Our preview of the upcoming installment in the franchise makes a few key tweaks, but keeps the main ingredients that make Uncharted games great.

Ashley Esqueda Senior Video Producer
Ashley Esqueda is an award-winning video producer and on-air talent based in Los Angeles. She has been playing video games since she was 3 years old, and loves the history of television. She currently resides in Los Angeles with her husband Jimi, son Wolfgang, and two very squirrely Italian Greyhounds.
Ashley Esqueda
3 min read
Naughty Dog
Watch this: Uncharted: The Lost Legacy looks like another great adventure

It's only been just over a year since we said goodbye to charming treasure hunter Nathan Drake and his pals in Uncharted 4: A Thief's End, but we're already being treated to more from the universe in Uncharted: The Lost Legacy. What started as an expansion turned into a fully-fledged game in the Uncharted universe set about a year after the events of A Thief's End. So if you weren't ready to stop climbing, fighting and exploring on your PS4, Naughty Dog's got you covered.

So what's different in The Lost Legacy? This time around, recurring Uncharted character Chloe Frazer is the hero. She's exploring India in search of the fabled Golden Tusk of Ganesh. Since she faces off against Asav, a notorious war profiteer also on the hunt for the tusk, she enlists the help of a woman familiar with combat: Nadine Ross, one of Uncharted 4's villains.

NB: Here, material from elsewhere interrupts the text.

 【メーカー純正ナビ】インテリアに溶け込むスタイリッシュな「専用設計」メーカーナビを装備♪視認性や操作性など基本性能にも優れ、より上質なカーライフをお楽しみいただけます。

It's an interesting pairing, as these two don't have any allegiance or long-time loyalty to the other; because of that, interactions I got to see offered rich backstory and fun banter.

My play time was brief, but packed with all the things that make an Uncharted game: I discovered lost treasures, flung myself across vast crevasses, climbed precarious rock faces, fought armed goons working for my foe, solved a couple puzzles and drove recklessly around a massive open space. There's a definite callback to Uncharted 4's Madagascar area, which was one of the highlights of that game's features, but Naughty Dog chose to expand The Lost Legacy wider than they've ever done before.

uncharted-lost-legacy
Naughty Dog

The area I played in (India's Western Ghats) was a good example of the game's "linear freedom." Instead of seeing a vast area with one lone destination and some smaller points of interest, Chloe and Nadine offer a variety of options for you to check out. You'll still need to end up in the same place, but it is a little less linear than previous installments, and I liked being able to decide which areas to tackle and in what order. Naughty Dog calls this "wide-linear," which is a nice way of saying "a really, really big line," but for Uncharted, it totally works. 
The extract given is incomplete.